On 5 February the head of Barclays told the BBC that the finance industry did not need to bother about the EU, snuffing out the pretensions of France and Germany to global financial leadership.
“I think Brexit is more than likely on the positive side than on the negative side,” said Jes Staley, adding, “I think what London needs to be focused on is not Frankfurt or Paris, [it] needs to be focused on New York and Singapore.”
Nor – diehard anti-Brexit pundits take note – was he calling for a bonfire of regulations, or indeed for any regulatory loosening. “I wouldn’t burn one piece of regulation,” he said.
On the same day, international food giant Mondelez announced it was shifting the bulk of its Cadbury’s Dairy Milk production back to Bournville, in the West Midlands.

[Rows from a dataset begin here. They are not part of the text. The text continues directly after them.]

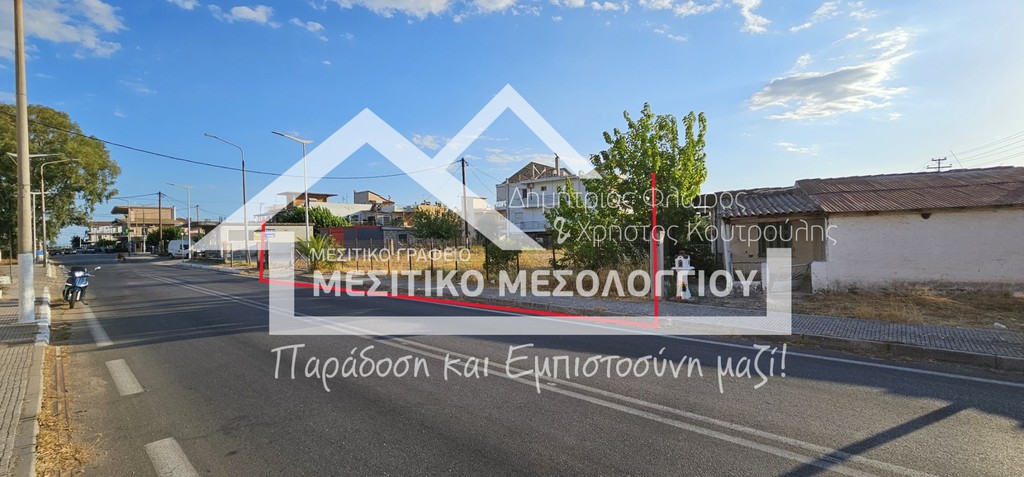 Οικόπεδο 587,98 τ.μ. προς πώληση, Αιτωλοακαρνανία, Αιτωλικό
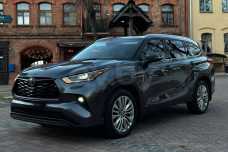 Toyota Highlander IV (XU70)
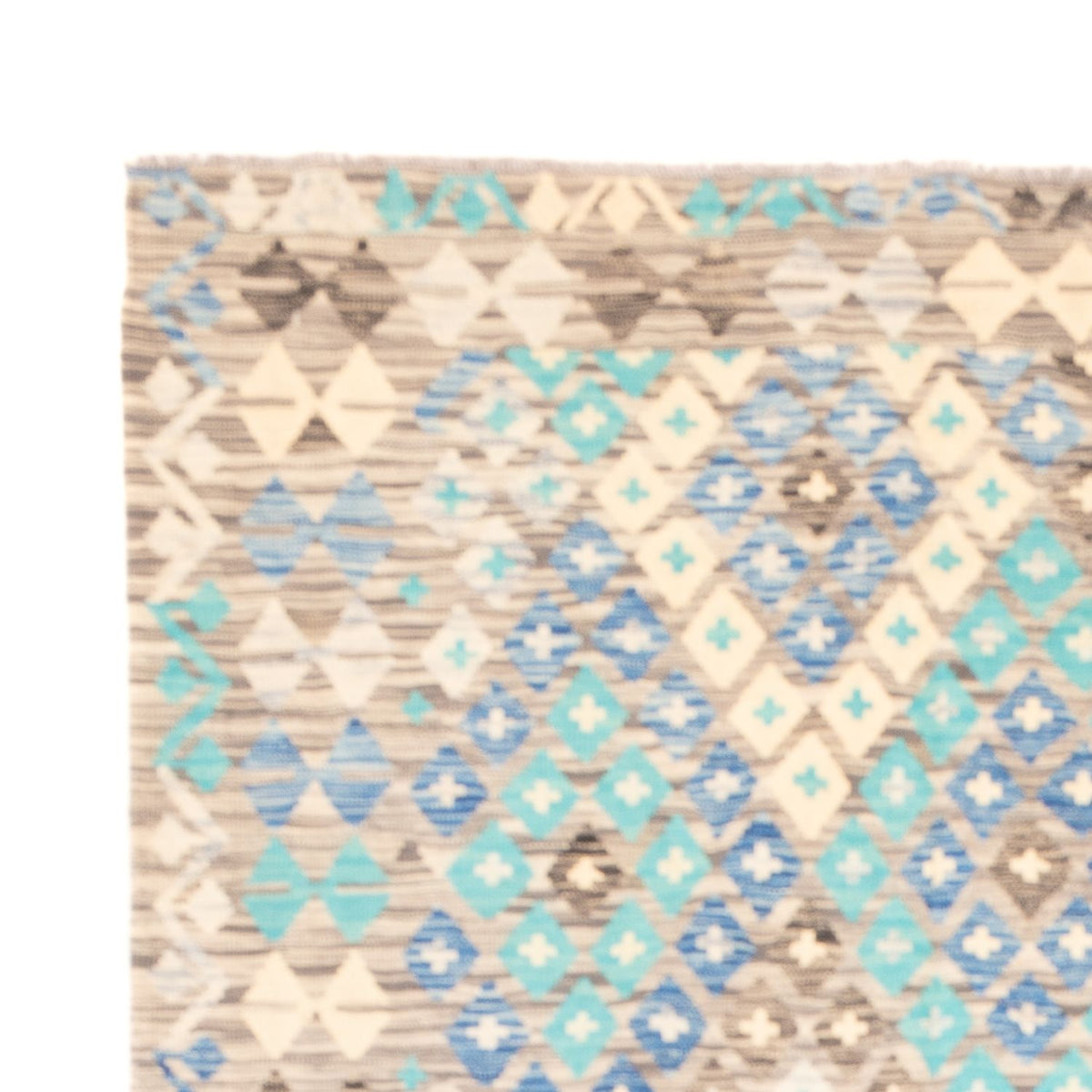 Tappeto Kelim - Splash - 241 x 174 cm - multicolore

The move reverses much of the outsourcing that took place in 2017.
And on 9 February, car firm BMW announced it will shift production of its new V12 engine for Rolls-Royces from Munich to its Hams Hall, Warwickshire, factory – the first time this century that Rolls-Royces will have their engines built in Britain.
And all this on top of the declaration in January from Nissan boss Ashwani Gupta that “Brexit gives us the competitive advantage not only within the United Kingdom but outside the United Kingdom also.” He backed this up with action, moving battery production for Nissan’s Leaf car from Japan to Sunderland.